È da Cruz - che lo insidia in Iowa e New Hampshire, le prime due tappe delle primarie - che Trump dovrebbe guardarsi. Ma a contrastarlo con più efficacia è stavolta Jeb Bush. «Così è impossibile creare quella coalizione necessaria per combattere lo stato islamico», attacca l'ex governatore della Florida, per il quale gli Usa «non possono essere i poliziotti del mondo ed agire in maniera unilaterale, da soli». Per battere l'Isis hanno bisogno di tutta la comunità internazionale, compresi molti Paesi arabi. «Donald, la gente è arrabbiata, impaurita. Ma tu corri per la presidenza, non puoi fare dichiarazioni avventate».

Secca la risposta di Trump, che accusa Bush di essere «debole»: «Quello che a me interessa è solo la sicurezza del nostro Paese. È della sicurezza che abbiamo bisogno. E abbiamo un grande problema
con l'Islam radicale. Dobbiamo essere vigili».

Su Twitter sbotta Hillary Clinton, che segue il dibattito davanti alla tv, irritata anche dalle critiche rivolte a Barack Obama per non aver risposto con la dovuta durezza all'Iran, dopo il sequestro dei 10 marinai Usa poi rilasciati: «Non possiamo tornare a una diplomazia da cowboy e a un incosciente bellicismo. Per il futuro - scrive - abbiamo bisogno di una vera politica estera». E per quel che riguarda le posizioni anti-Islam di Trump, «l'America - twitta Hillary - è anche un Paese di musulmani. Chi corre per essere presidente dovrebbe saperlo. L'Islam - aggiunge - non è un nostro nemico.

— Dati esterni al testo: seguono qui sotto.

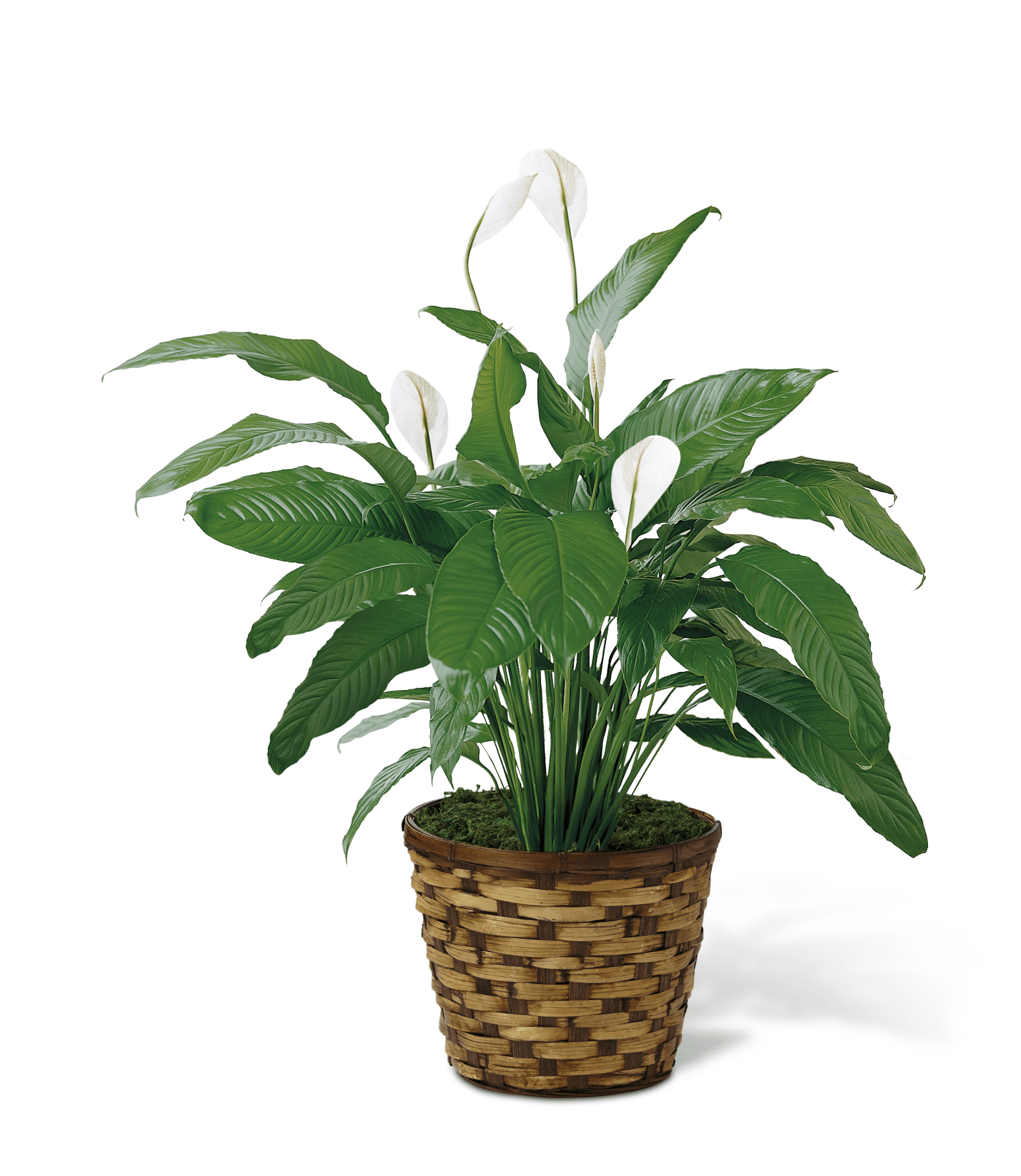 Peace Lily - MIAMI FLOWERS DESIGN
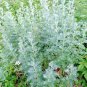 New Arrival 3000+ WORMWOOD ABSINTHE SEEDS SPRING PERENNIAL MOSQUITO PESTS DEER REPELLENT USA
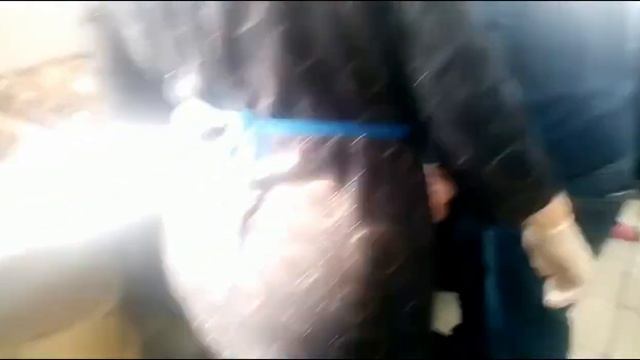 много, много мясо на Бишбармак смотреть онлайн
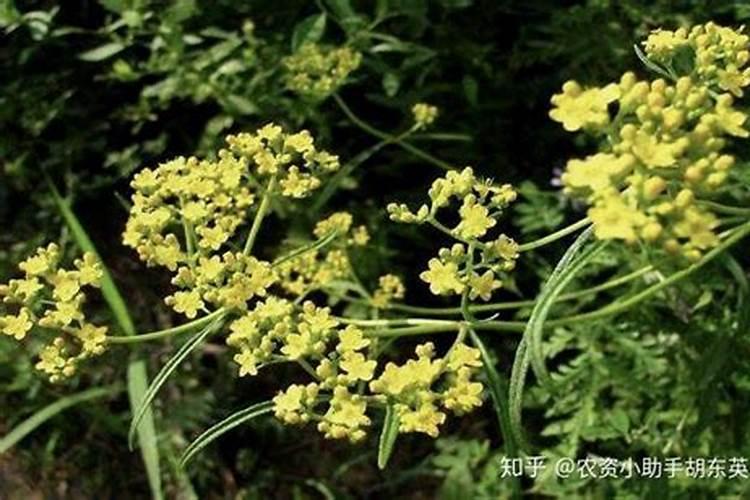 柴胡底肥施什么肥,追肥用什么肥料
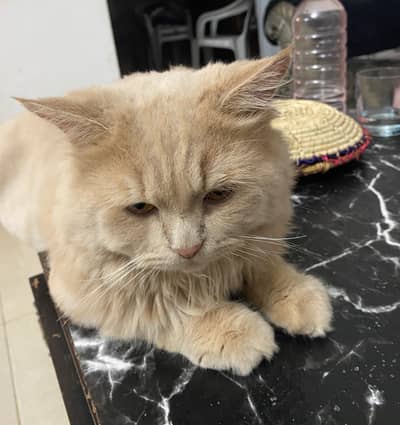 Persian Cat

E una retorica d'odio verso l'Islam non solo è sbagliata, ma fa il gioco dei terroristi».

Ad unire i candidati repubblicani le dure critiche a Barack Obama e a quella Hillary Clinton accusata di correre «per il terzo mandato» dell'attuale presidente democratico. Nel mirino la visione offerta da Obama nel suo ultimo discorso sullo stato dell'Unione. E soprattutto la sua determinazione per una severa stretta sulle armi da fuoco. «Se a Parigi dall'altra parte ci fossero state le armi non ci sarebbero stati 130 morti e più», afferma Trump. Anche Jeb Bush è d'accordo: «La legge prevede i controlli preventivi sulla vendita di armi e l'Fbi li deve fare. Togliere i diritti non è una soluzione e non abbiamo bisogno di nuove regole».

Il duro scontro con fra Trump e Cruz. «C'è un grosso punto interrogativo sulla tua testa», ha detto Trump a Cruz, mettendo in dubbio la sua eleggibilità come presidente, essendo nato in Canada da padre cubano e madre statunitense. La Costituzione Usa prevede che i candidati alla presidenza siano «natural born citizens» degli Stati Uniti, vale a dire cittadini naturali dalla nascita. Cruz ritiene di avere i requisiti, sostenendo che il dettato costituzionale si applichi anche ai i figli nati all'estero di cittadini statunitensi. Cruz ha tentato di rispondere con umorismo all'attacco di Trump, ricordando che mesi fa il magnate aveva riconosciuto la sua eleggibilità, salvo poi cambiare idea quando i sondaggi hanno cominciato a premiare Cruz. «Da settembre la Costituzione non è cambiata, ma sono cambiati i sondaggi», ha detto il senatore texano in riferimento al calo di consensi del quale a suo giudizio soffrirebbe Trump in vista delle primarie in Iowa tra due settimane. 

Alla fine della serata Trump appare il più soddisfatto: «Se sarò eletto presidente, i miei figli Eric e Ivanka si divertiranno a gestire le mie società. A me non interessa. Io userò la mia testa per l'America». Per i suoi fan una speranza, per molti americani una minaccia.